Abacus Wealth Management

Can Your Fixed Expenses Push You To Financial Ruin?

Eating out in expensive restaurants, hefty bar tabs and a weakness for expensive stuff could make it tough for you to save for the future. Odds are against this when compared to fixed expenses. They are the real danger.

Fixed expenses refer to any kind of expenses you can’t immediately adjust if your economic situation changes. This could include house rent, mortgage or loan repayment obligations, school fees and insurance premiums, just to mention a few.

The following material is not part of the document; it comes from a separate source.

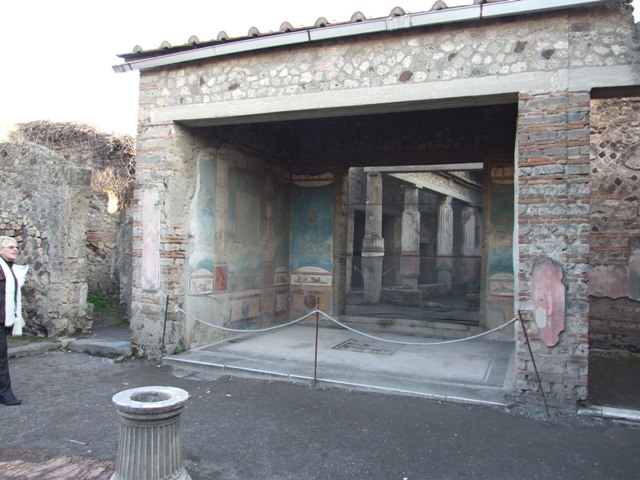 VII.4.48 Pompeii. December 2007. Room 11, detail from east wall of tablinum. The central painting on the east wall was of Theseus and Ariadne.
Now in Naples Archaeological Museum. Inventory number: 9048.


Antonio earns KES 30,000. He pays KES 10,000 rent for his bedsitter apartment; has a SACCO loan to repay meaning each month KES 7,000 is spent on servicing the loan. He has several other financial obligations such as utility bills, transport costs and food which he has to be factored in his monthly budget. Factoring all these expenses, Antonio hardly has anything left to save.

Picture this, if he loses his job and has no alternative source of income he won’t be able to pay his rent, service the loan or cater for his utility, transport and food expenses, meaning he is in financial ruin.

Most of has have the illusion that fixed costs are unavoidable, after all they are fixed. The reality is fixed costs can be changed. Some changes may require a long lead time; others may entail some expenses, while others can be changed cheaply. At the end, some level of sacrifice is required.

Back to Antonio

Based on the fact that a large portion of his income is spent on servicing a loan, he could opt for a cheaper house. He could also consider cutting down on his utility, transport and food expenses. Cutting down on cost will leave him with a certain amount of money which he could save or add on to servicing the loan, meaning he will repay the loan faster.

Philip Brewer, Senior Writer for wisebread.com has identified a couple of dos and don’ts that could help you manage your fixed expenses:

  1. You need to know what your fixed expenses are. If your budget has some fixed and variable expenses lumped together into the same category, you’ll need to separate them.
  2. You need to know how long they are fixed. You need to need to know how long it will take to repay the loan.
  3. Come up with a plan on how you will reduce your fixed expenses. You can consider moving to a cheaper place, selling your car, if you can’t always maintain it, or find was to speed up repaying your debts.
  4. Come up with a contingency plan. What will you do if you lose your job? Are there alternative ways of making money?

At the end of the day your fixed expenses do have a significant impact on your financial security, manage your fixed expenses.